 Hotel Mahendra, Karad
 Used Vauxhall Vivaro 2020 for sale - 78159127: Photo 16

==

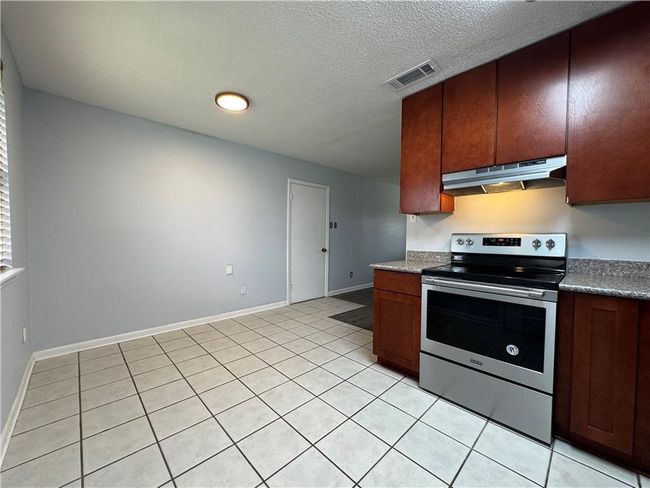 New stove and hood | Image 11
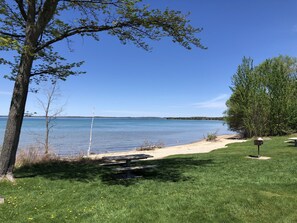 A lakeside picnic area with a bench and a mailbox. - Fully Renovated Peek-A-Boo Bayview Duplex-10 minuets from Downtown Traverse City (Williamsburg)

• [Required work]: Taking the listing above as the source, transcribe only the lines starting at the line with "Hotel Mahendra, Karad" and going through the line with "Used Vauxhall Vivaro", unaltered and with both ends included.

• [Solution to the problem]:
 Hotel Mahendra, Karad
 Used Vauxhall Vivaro 2020 for sale - 78159127: Photo 16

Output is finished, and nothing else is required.